Enhancing science education in developing countries has been a focal point of many studies and efforts, but reform has mainly been driven by top-down approaches that often face impediments. A shift to active learning pedagogies can potentially address these challenges, but it has thus far been predominantly implemented and understood in developed countries. Thanks to the growing accessibility of open education resources and ubiquitous technologies, education reform can now be carried out from the bottom up. Here, we present the results of a two-year implementation of active learning in five core physics and astronomy courses comprising 2,145 students from the Middle East and North Africa (MENA) region. Simultaneous improvements are observed in both students' performance and their perception of the quality of learning; means improved by 9% (0.5 SD) and 25% (1.5 SD), respectively.

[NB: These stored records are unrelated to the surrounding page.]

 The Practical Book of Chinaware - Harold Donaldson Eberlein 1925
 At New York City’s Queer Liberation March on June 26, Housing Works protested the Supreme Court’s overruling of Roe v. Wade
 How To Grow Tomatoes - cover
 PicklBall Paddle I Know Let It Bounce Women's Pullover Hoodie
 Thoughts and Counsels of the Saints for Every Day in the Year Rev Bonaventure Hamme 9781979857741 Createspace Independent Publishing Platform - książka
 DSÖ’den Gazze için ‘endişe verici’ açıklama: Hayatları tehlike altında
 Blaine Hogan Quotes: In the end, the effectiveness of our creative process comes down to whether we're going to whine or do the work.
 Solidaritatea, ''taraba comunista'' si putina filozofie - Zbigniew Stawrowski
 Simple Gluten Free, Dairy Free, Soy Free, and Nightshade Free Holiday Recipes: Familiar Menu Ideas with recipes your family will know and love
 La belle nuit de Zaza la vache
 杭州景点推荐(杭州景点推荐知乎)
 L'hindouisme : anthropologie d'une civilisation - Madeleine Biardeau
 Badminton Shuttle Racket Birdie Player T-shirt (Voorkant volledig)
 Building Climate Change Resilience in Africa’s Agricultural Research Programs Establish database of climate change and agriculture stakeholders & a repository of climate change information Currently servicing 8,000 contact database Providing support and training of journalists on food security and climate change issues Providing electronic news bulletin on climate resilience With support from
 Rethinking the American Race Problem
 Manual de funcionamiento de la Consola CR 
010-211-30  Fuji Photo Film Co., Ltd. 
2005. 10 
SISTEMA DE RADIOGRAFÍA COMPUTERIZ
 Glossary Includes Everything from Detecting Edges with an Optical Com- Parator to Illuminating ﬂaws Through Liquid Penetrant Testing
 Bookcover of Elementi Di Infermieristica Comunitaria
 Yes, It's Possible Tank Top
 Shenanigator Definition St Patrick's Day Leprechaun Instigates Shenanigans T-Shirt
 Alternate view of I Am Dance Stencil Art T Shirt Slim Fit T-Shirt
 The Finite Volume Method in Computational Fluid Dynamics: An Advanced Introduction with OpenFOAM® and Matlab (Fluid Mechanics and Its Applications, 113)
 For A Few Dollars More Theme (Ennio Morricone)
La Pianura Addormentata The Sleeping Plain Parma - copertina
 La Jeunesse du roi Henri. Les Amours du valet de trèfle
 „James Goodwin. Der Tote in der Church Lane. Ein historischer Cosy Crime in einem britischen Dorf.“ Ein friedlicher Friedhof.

The performance gap between students in the bottom quartile and those in the top quartiles was narrowed by 17%. The failure rate was reduced to a third of that in traditional classes; this is 36% better than the results in developed countries, indicating a greater need for active pedagogies by MENA students. Our findings reveal a multidimensional positive influence of active learning, the viability of its grassroots implementation with open resources, and its sustainability and reproducibility. We suggest that wider implementation can boost education-driven economic growth by 1% in per capita gross domestic product [GDP], substantially cut costs of repeating courses, and produce a more competent STEM workforce-all of which are urgently needed to stimulate development and growth.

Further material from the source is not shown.